It began with four free bushels of yellow cherries, and ended up as 29 pints of yellow cherry jam.

I was living in a college apartment, sharing our house with seven roommates: Shira, Deirdre, Curt, Zelda and thee friends who moved around from room to room. Curt, Deirdre and I had paying jobs, everyone else had parents’ money. Everyone kicked in three bucks a week, and I cooked: mostly soups, chilis and casseroles designed to get us all through our crazy schedules. On Sunday nights, I made a double batch of bread for the week’s peanut butter and jelly sandwiches. When the peaches, tomatoes and apples came in, I canned the pantry full to save money we then used for the phone and heat bills.

Enter the cherries–a gift from a friend who lived next to a golf course bordered with cherry trees. In our share-the-wealth 70s ethics, cherries that fell on his side of the tree line were his, and for a share of what I made, he gave me all the free cherries I could cook. He’d bring me a couple pints a week while they were in season, and I’d make us each a pie or cobbler. But 1976 was ‘the cherry year.’ One Sunday morning he left four bushels of free-fall cherries on my porch with a note that he’d be back that night for pie.

A deep dish pie or cobbler takes three cups of fresh cherries—that wouldn’t even make a dent in four bushels of ripe fruit about to go to critical mass. We only had a tiny apartment refrigerator freezer. I had a 1970 copy of The Ball Blue Book, so I started sifting through recipes. The only thing that used lots of cherries was jam. I hadn’t made jam since my teens when I’d made freezer strawberry jam with my mom. But sugar was cheap, and I had four cases of empty pint jars set aside for applesauce and canned tomatoes. I blew half of that week’s grocery money on sugar, paraffin and pectin, and came home to make cherry jam.

Homemade jam is supposed to be made in small batches—I didn’t know that. My roommates and I formed an assembly line that would have shaken a Smuckers plant. Deirdre and Curt pitted cherries in the dining room. Steps away in our tiny galley kitchen, I sterilized jars and made jam in my 18 quart enamel canners.
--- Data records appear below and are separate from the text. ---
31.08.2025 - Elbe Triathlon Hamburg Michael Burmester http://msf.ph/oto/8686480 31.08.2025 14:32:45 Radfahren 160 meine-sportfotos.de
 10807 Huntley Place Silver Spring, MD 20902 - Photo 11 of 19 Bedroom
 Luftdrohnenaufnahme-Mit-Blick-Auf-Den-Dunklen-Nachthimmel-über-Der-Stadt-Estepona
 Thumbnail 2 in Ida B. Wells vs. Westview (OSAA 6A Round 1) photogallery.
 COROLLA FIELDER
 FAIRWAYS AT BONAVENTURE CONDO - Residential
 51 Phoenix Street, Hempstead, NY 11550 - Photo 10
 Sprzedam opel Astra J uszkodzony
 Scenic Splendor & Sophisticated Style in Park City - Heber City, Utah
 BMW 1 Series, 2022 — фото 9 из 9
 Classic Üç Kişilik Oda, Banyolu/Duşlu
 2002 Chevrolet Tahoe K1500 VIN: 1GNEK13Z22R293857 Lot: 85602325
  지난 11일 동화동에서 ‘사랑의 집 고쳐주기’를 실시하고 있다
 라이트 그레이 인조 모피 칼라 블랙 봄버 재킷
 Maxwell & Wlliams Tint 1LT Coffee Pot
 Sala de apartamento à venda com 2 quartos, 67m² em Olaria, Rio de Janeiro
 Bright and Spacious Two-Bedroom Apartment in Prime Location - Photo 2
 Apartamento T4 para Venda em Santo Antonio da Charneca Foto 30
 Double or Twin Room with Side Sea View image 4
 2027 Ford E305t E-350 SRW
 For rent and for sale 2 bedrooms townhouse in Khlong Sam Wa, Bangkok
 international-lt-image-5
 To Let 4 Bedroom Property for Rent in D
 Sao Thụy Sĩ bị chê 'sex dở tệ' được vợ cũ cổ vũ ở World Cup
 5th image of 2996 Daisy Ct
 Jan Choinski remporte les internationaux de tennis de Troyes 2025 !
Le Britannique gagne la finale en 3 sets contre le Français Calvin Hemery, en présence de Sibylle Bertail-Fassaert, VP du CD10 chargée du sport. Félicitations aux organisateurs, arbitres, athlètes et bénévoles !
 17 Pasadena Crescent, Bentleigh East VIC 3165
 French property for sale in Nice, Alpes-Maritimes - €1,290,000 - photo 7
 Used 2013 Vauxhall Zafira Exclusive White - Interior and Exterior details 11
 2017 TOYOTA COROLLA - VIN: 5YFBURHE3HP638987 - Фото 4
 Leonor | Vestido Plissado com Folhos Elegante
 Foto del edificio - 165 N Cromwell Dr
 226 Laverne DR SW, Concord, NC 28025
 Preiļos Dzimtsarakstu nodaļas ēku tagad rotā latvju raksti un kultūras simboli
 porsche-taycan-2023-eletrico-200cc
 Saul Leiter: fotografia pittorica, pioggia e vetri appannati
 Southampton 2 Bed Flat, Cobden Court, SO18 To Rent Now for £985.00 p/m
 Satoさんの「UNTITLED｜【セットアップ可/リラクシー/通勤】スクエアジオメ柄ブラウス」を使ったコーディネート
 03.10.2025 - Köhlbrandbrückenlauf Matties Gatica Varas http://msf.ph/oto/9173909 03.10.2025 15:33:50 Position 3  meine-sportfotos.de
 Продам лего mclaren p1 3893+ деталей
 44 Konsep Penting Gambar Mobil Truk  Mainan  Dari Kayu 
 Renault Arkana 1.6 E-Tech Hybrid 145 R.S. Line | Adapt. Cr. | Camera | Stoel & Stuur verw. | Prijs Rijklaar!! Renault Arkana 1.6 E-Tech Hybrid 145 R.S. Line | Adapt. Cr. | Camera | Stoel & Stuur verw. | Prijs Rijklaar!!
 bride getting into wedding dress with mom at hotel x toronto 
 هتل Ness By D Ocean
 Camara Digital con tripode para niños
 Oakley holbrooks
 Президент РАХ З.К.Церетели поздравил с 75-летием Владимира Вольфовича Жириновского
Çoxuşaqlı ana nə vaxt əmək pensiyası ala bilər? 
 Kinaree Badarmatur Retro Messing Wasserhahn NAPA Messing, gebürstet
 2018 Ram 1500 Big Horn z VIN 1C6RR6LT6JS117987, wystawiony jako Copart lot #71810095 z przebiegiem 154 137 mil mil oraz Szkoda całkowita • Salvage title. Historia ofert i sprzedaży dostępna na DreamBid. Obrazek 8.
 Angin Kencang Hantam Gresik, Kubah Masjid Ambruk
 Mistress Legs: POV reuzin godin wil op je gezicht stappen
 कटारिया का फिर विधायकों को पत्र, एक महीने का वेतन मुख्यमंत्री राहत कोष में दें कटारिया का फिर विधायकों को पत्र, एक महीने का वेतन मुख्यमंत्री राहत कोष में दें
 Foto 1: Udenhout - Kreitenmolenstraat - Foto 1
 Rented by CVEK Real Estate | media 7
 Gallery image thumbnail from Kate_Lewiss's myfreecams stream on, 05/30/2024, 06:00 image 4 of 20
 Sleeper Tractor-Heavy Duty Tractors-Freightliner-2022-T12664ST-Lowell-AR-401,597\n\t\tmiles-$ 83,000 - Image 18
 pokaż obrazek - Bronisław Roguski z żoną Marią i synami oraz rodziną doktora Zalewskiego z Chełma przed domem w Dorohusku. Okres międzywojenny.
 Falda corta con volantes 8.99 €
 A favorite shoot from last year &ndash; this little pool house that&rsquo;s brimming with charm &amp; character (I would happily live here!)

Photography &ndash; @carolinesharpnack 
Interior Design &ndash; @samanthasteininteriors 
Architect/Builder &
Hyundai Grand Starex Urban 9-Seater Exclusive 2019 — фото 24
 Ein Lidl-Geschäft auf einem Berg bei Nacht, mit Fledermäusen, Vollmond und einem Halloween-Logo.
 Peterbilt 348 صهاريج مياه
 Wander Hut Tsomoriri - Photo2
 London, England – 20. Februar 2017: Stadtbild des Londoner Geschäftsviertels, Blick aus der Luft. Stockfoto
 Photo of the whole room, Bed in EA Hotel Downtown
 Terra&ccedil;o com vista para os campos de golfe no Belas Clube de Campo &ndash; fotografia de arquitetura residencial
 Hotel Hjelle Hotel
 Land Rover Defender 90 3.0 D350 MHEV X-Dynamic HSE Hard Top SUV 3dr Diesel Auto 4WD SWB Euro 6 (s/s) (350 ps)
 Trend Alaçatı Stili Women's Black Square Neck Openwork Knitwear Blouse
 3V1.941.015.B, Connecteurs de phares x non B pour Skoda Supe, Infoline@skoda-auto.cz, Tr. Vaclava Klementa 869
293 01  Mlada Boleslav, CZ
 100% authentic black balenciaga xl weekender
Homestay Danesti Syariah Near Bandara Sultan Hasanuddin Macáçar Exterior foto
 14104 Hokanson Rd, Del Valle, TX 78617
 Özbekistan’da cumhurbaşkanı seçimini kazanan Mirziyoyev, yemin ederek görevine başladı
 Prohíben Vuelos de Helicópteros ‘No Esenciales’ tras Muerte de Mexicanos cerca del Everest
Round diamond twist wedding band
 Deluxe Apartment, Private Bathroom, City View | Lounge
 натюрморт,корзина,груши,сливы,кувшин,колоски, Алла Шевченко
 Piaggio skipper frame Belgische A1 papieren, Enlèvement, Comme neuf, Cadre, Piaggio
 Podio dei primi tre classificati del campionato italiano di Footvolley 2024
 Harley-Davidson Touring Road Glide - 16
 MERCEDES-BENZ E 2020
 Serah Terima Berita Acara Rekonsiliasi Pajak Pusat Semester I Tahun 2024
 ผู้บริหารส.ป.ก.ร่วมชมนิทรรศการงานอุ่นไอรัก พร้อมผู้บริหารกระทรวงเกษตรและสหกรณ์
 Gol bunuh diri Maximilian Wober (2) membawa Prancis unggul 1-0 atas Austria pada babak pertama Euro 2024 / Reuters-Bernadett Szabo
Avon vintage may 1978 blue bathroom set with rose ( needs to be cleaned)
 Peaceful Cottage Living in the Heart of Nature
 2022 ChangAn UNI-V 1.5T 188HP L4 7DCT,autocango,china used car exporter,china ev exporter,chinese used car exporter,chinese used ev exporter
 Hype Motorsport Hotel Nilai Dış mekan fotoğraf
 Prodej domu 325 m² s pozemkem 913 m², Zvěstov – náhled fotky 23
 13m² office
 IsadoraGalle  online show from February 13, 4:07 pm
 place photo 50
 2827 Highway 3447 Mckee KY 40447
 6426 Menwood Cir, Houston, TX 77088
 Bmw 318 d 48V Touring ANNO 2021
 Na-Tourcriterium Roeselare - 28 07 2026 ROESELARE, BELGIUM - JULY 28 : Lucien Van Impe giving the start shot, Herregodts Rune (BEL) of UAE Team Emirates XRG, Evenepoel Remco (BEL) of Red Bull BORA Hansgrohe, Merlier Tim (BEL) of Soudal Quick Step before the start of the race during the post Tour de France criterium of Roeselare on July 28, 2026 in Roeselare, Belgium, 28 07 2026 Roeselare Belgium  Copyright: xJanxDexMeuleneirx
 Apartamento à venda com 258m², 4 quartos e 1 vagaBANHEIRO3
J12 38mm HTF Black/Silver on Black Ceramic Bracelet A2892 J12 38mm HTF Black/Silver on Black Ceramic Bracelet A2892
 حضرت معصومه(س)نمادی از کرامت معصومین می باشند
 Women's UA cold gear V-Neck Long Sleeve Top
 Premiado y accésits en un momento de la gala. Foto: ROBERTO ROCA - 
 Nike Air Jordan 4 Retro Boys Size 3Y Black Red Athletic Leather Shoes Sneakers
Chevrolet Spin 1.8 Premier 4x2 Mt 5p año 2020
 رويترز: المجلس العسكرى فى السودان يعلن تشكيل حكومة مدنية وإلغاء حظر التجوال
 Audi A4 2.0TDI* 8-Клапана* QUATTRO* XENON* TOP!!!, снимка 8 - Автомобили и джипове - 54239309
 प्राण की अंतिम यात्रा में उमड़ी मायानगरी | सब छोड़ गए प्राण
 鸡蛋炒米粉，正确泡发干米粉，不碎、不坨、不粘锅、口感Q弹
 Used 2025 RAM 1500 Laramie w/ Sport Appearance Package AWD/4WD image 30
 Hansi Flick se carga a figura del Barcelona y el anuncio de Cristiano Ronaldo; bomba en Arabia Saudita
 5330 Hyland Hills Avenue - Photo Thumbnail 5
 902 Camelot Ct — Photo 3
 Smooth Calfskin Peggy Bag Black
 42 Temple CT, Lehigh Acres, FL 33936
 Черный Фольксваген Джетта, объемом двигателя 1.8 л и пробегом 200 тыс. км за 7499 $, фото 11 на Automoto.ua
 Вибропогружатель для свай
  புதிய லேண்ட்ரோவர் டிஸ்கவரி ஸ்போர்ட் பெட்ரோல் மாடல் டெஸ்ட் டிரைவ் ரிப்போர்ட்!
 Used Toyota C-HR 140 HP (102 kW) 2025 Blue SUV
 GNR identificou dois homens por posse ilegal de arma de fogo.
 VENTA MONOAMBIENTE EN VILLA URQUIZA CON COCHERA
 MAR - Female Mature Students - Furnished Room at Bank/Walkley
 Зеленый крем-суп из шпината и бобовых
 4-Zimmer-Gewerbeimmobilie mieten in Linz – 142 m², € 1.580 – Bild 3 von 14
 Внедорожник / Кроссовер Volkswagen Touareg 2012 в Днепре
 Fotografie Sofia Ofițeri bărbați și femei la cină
Zelda set up a jar-filling station in the bathroom, where she melted paraffin on a homemade candle-burner, topped the jars and then set them to cool on a make-shift shelf in front of the bathroom window. When our cherry benefactor showed up at midnight for cherry pie, we were taste-testing homemade bread and cherry jam sandwiches.

He took a half-dozen jars, and I sold another dozen jars at the food co-op. That made enough cash to replace the jars I’d used. As other fruit came in, I made smaller batches of blueberry and peach jam. What we couldn’t eat or sell, we gave as gifts, and for a few years, I made special jams just for Christmas presents.

And that’s how I started making jam.

Yellow Cherry Jam

  • Wash, stem, pit, and crush yellow cherries: 2 1/2 cups whole stemmed cherries will equal approximately 1 pound of crushed fruit.
  • Bring the crushed cherries and juice slowly up to a boil in an enamel or other non-reactive saucepan.
  • When the cherry mixture boils, to each 4 cups (approximately 2 pounds) of crushed cherries, stir in 3 cups of sugar, ¼ cup fresh lemon juice and ½ teaspoon almond extract. Stir until sugar dissolves, cooking rapidly over medium-high heat until jam boils again and reaches the jellying point (222 degrees F. on candy thermometer at sea level; 10 degrees above the boiling point of water in your part of the world.)
  • Ladle into sterilized jars, seal with canning lids and process for 10 minutes in boiling water bath. Cool jars and label. Makes approximately 5 cups of jam.